_WORK TO BE COMPLETED_:
Skip the pictures. Output only the lines below starting at the line with "Άραβας με μάσκα" and ending at the line with "Beige cardigan sweater with 5 gold buttons.", both ends included, exactly as they are.

_SUPPLIED DATA_:

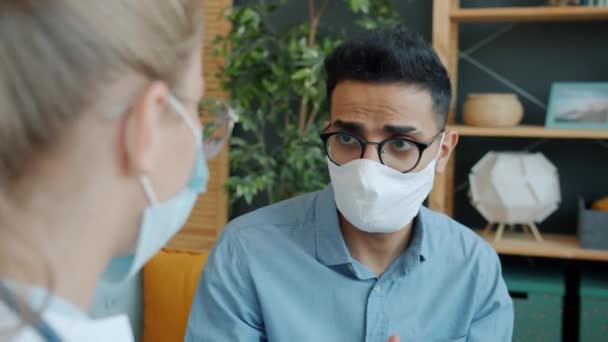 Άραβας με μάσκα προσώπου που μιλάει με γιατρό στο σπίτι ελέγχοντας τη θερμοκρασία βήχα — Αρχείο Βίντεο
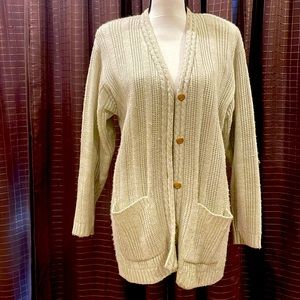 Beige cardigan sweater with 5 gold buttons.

---

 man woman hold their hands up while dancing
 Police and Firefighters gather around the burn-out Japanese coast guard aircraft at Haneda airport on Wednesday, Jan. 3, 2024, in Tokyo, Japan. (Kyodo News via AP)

_ANSWER SPACE_:
 Άραβας με μάσκα προσώπου που μιλάει με γιατρό στο σπίτι ελέγχοντας τη θερμοκρασία βήχα — Αρχείο Βίντεο
 Beige cardigan sweater with 5 gold buttons.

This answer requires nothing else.